Tuesday, February 20, 2007

Going Back to Nam and Other Life Updates

My youngest brother's getting married on St. Patrick's day. For his honeymoon, he's going to Viet Nam. Luckily, he didn't care that the rest of the family tagged along so Nicole and I, my brother Ted and his wife Lauri and my mother are off to Viet Nam for two weeks at the end of March. I can't wait. We were able to find a hotel right on China Beach looking over the Pacific Ocean for $40/night. In Viet Nam, that's a lot of money considering the average worker makes about $1500/year. Tim and his fiancée, Shelley, are going to stay at a separate hotel than us because they want their privacy for some reason. Damn kids nowadays!

I had to call the popo last night when I got home from work because the neighbor's (they actually live around the corner) badass rottweiler/boxer/demonbeast dog tried to attack me and my two little shi-tzu's when I took them out to go pee pee and pooh pooh. I don't think I've ever dropped the f-bomb more times than I did when the owner came over and tried to corral Satan's four-legged spawn. I even went inside the house and grabbed my popo-certified bad-guy-beatdown mag-lite that weighs about 20 pounds and threatened to beat the furry evil-incarnate down with it. Then my senses (and my wife yelling at me to stop) took over and I realized it wasn't the dog's fault that Charon had ferried him halfway down the river Styx to await his judgment in Hades. It's the owner's fault. Dog's owned by humans generally don't become fiery evil-eyed beasts by themselves. You can blame that on the ignorant redneck owners.

My baby's back and looking better than ever! I got my car back from the body shop and it looks great. Since Nicole's best friend's husband owns the body shop, he really put some extra elbow grease into cleaning it up and it's as shiny as a brand new nickel. It didn't look that nice when I bought it. I even had to take a picture of it which I'll get posted on here as soon as I can.
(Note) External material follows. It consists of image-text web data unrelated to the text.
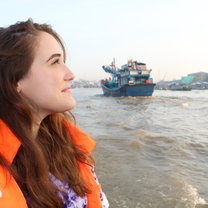 Mekong Delta Floating Market 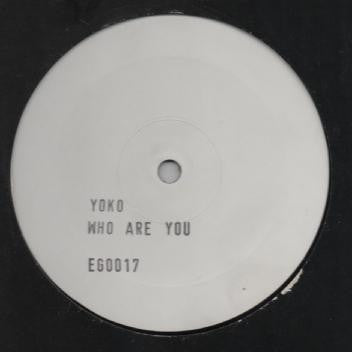 Yoko : Who Are You (12", W/Lbl)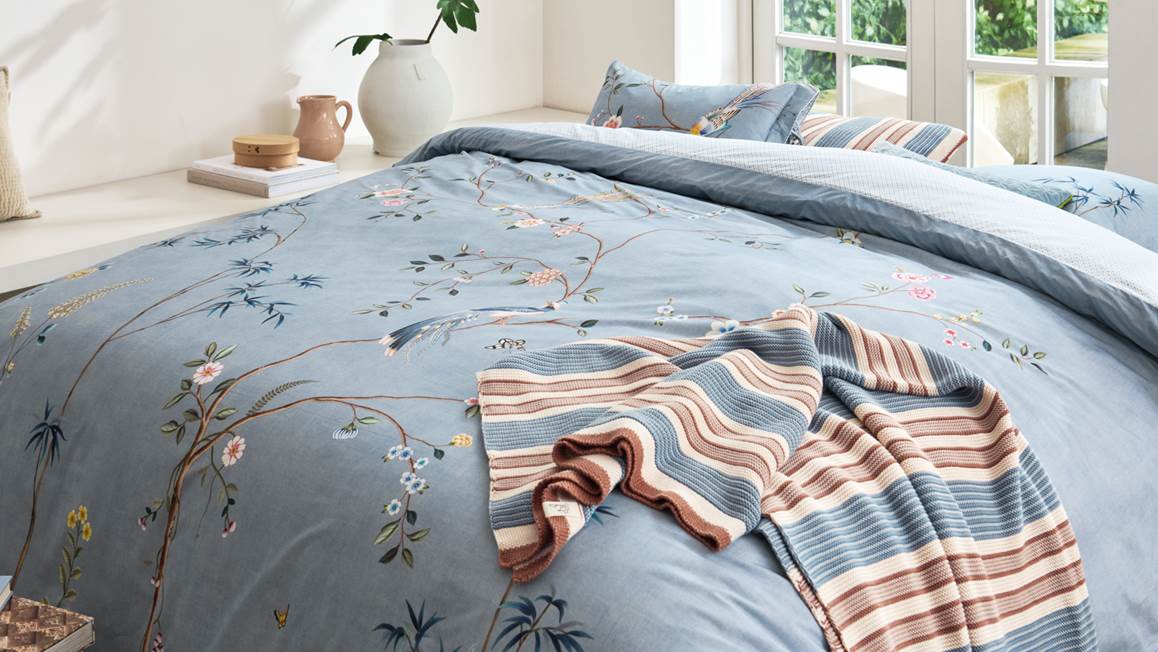 Pip Studio Bamboo Blossom dekbedovertrek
Nicole and I found out we have a neighborhood whore cat. Not only does she already have some welfare kittens roaming around our backyard, she now is in heat and having sex within a few feet of our front porch. It's actually quite a site to witness. She had sex twice – with two different cats - this past Wednesday within a couple hours of each other. I personally thought it was too cold outside to be having sex but it didn't look like it bothered her. After all, she did it twice and seemed to like it. Maybe it was the snow falling on cedars all around her that created the romantic setting. After one of the young studs got done with his bizznass, he peed on one of the tires on my rental car! How rude. Of course it was spraying all over so Lord only knows where he was actually aiming his tool.

Thursday, February 8, 2007

The Colts win the Super Bowl and then ... WHAM!


You've got to be kidding me. Sitting in my car on a highway off ramp on the way to work, I was in pure bliss enjoying my euphoria from the Colts win in the Super Bowl the night before and waiting for the traffic to clear so I could merge into traffic. All of a sudden, WHAM! My car lurches forward, my head snaps backward and the sound of metal crunching into metal reverberates through my body. Someone just rear ended me! The only thing I could think of was "You've got to be kidding me." When I had pulled up to the street and was waiting for the traffic to clear, there hadn't been anyone behind me. I never even saw him coming. I got out of my car and surveyed the damage. Luckily for me (I guess), most of the auto body parts and glass on the ground were from his car. However, my rear bumper cover was now dangling in the wind like one of Rex Grossman's passes and my left rear light cover looked like it had been smashed in by Bob Sanders' fist. Great. Apparently, the other driver couldn't get stopped in time and slid through the snow like a hiked football in Rex Grossman's hands. I guess I should have expected it. During my whole 1 ½ mile journey on the bypass, I passed one semi that had been rear ended by one car who had in turn been rear ended by another car, two other cars who had slid off the road into the ditch and two semis who has simply set "Screw it" and pulled their semis off the road to wait for the melee to pass. The officer who responded to my wreck said they had had 20 wrecks in 60 minutes on the bypass. In fact, we had two squad cars respond to our wreck that were actually looking for two other wrecks involving personal injuries. What a morning! It ended up working out as well as it could I guess. He happened to have the same insurance company as I do and the wreck will be covered as well as a rental while it's being fixed. I wonder if they'll pay for a Hummer? That would rock.